Dirty Business: How Mining made Australia (Episode 3): mining as political power player highlighted by indigenous Australia’s fight for justice

Jacob Hickey, “Dirty Business: How Mining made Australia (Episode 3)” (2012)

Final and best episode in a three-part series, this documentary examines the mostly unhappy relationship between the mining industry and the indigenous peoples of Australia. Much of the film is a chronological timeline of the Australian First Nations’ fight for recognition in Australian law as the original owners and custodians of Australia’s lands and resources against attempts by mining companies, aided and abetted by Federal and State governments, to throw locals off their land and seize it for mining purposes. The episode follows First Nations’ attempts to understand Australian law and legal principles and use them to present their case and protest injustice, and to mobilise help and other resources when the law and government fail them. Dramatic incidents such as the presentation of the Yirrkala Bark Petitions to Federal Government in Canberra in 1963 and the failures of the Whitlam and Hawke governments in the 1970s and 1980s to assist First Nations peoples in their applications for justice are covered in some detail. The court cases initiated by Eddie Mabo against the Queensland government which overturned State acts that conflicted with the federal Racial Discrimination Act of 1975 (Mabo -v- Queensland No 1) and which overturned the concept of terra nullius in favour of the common law doctrine of aboriginal native title are mentioned here.

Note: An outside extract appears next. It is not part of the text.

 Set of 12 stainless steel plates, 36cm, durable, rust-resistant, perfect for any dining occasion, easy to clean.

Viewers get a real sense of the stupidity of mainstream Australian society in refusing First Nations’ requests for social justice and fair treatment. Time and again, First Nations activists bone up on Australian law, petition Federal and State governments and individual politicians, organise rallies and protests, and appeal to the general public’s sense of justice and compassion. Mining companies use scaremongering tactics and advertising to convince Australians and their governments that First Nations’ drive for equality and land rights will deprive them of their material comforts and create an apartheid society in which blacks claim all the best land and its wealth, and everyone else is left with nothing.

The narrative takes a David-versus-Goliath approach and presents the First Nations’ fight as a continuous, almost torturous uphill battle with all layers of government and mining management steadfastly ignoring or even resisting calls for social justice and fair treatment of Australia’s indigenous peoples. The climate of confrontation gradually changes to one of co-operation over time as ordinary Australians discover that First Nations peoples’ demands are not unreasonable and that they do deserve the right of traditional ownership of their lands and should be able to work with mining companies in extracting valuable minerals and at the same time preserve the natural environment and ecosystems in the areas where mining is done.

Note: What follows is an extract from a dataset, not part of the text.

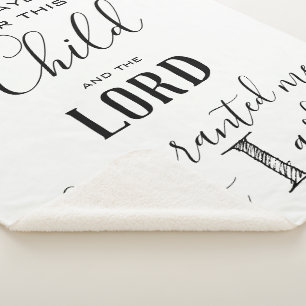Couverture Sherpa J'ai prié pour cet enfant et le Seigneur me l'a ac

The coda can be quite surprising and not a little depressing: the whole time, all many First Nations communities are asking is to be consulted whenever a mining company wishes to work on their land, and to be able to nut out a fair deal for everyone. Many First Nations groups now regard mining as presenting the best opportunity for them to lift their people out of poverty, provide jobs for them and help educate their people so they can participate fully in modern Australian society and culture. If only white Australians had overcome their fears and stereotypes about First Nations peoples and agreed decades ago to recognise their traditional ownership and laws and to consult and negotiate with them, then two or three generations of activists would not have needed to carry the same old fight over and over and resources could have been shifted into finding ways of eliminating poverty among native communities ages ago. People would not have had to fight or go to jail or die in vain if everyone could have worked together in the first place. It has to be said though that mining companies do consist of people who are the products of the wider society, as are also governments, and the sea-change in attitude that took place over decades and which eventually enabled the First Nations people to win social justice and have the terra nullius principle in Australian law struck down is the unacknowledged backdrop to this episode. For this to have happened, enlightened governments had to be elected and people in the media, in education and in trade unions and other organisations had to work with First Nations people and bring their cause to the wider public. Now that a major part of the battle has been won, it does seem ironic that many First Nations communities are now falling out with social democrats and social justice supporters over the issue of agreeing with and allowing mining in tribal lands.

The episode summarises all that has been covered in the series by saying that mining, for better and for worse, has shaped Australian society and culture and Australians’ attitudes to the land they walk on and manipulated governments and public opinion for their own benefit. and will continue to do well into the future. Given the current controversies over fracking for natural gas in many parts of Australia, with many communities facing similar problems that First Nations groups did (and still do in some parts of the country), I’d say Hickey and Company don’t need to be fortune-tellers to tell us that.